Task statement = Starting at the top of the records, output every line through the one that contains "Libro para Customizar", keeping each exactly as it appears.
▶
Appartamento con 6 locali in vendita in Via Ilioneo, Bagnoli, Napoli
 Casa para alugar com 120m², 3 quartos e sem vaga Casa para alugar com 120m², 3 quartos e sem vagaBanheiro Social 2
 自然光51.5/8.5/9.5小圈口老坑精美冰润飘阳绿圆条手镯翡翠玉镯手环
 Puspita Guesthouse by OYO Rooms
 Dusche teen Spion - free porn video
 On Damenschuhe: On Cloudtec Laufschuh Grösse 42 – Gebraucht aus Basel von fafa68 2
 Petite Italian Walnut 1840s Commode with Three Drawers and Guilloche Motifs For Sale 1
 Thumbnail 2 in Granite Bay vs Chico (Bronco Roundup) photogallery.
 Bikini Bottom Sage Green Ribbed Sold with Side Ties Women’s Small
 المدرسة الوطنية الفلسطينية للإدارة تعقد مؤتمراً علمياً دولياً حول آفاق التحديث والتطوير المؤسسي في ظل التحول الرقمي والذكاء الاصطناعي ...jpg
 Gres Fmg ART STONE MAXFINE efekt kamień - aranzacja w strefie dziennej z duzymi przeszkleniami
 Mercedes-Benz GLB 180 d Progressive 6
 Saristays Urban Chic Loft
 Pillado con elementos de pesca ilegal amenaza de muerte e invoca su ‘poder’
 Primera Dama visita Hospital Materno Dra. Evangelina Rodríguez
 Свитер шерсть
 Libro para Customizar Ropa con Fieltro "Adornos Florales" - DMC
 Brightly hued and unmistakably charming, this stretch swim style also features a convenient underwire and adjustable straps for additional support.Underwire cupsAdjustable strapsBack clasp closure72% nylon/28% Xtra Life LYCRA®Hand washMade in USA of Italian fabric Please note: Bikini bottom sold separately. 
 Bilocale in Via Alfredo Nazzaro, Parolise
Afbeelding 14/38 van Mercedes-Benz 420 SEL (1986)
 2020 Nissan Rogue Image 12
◀
Exercise output =
Appartamento con 6 locali in vendita in Via Ilioneo, Bagnoli, Napoli
 Casa para alugar com 120m², 3 quartos e sem vaga Casa para alugar com 120m², 3 quartos e sem vagaBanheiro Social 2
 自然光51.5/8.5/9.5小圈口老坑精美冰润飘阳绿圆条手镯翡翠玉镯手环
 Puspita Guesthouse by OYO Rooms
 Dusche teen Spion - free porn video
 On Damenschuhe: On Cloudtec Laufschuh Grösse 42 – Gebraucht aus Basel von fafa68 2
 Petite Italian Walnut 1840s Commode with Three Drawers and Guilloche Motifs For Sale 1
 Thumbnail 2 in Granite Bay vs Chico (Bronco Roundup) photogallery.
 Bikini Bottom Sage Green Ribbed Sold with Side Ties Women’s Small
 المدرسة الوطنية الفلسطينية للإدارة تعقد مؤتمراً علمياً دولياً حول آفاق التحديث والتطوير المؤسسي في ظل التحول الرقمي والذكاء الاصطناعي ...jpg
 Gres Fmg ART STONE MAXFINE efekt kamień - aranzacja w strefie dziennej z duzymi przeszkleniami
 Mercedes-Benz GLB 180 d Progressive 6
 Saristays Urban Chic Loft
 Pillado con elementos de pesca ilegal amenaza de muerte e invoca su ‘poder’
 Primera Dama visita Hospital Materno Dra. Evangelina Rodríguez
 Свитер шерсть
 Libro para Customizar Ropa con Fieltro "Adornos Florales" - DMC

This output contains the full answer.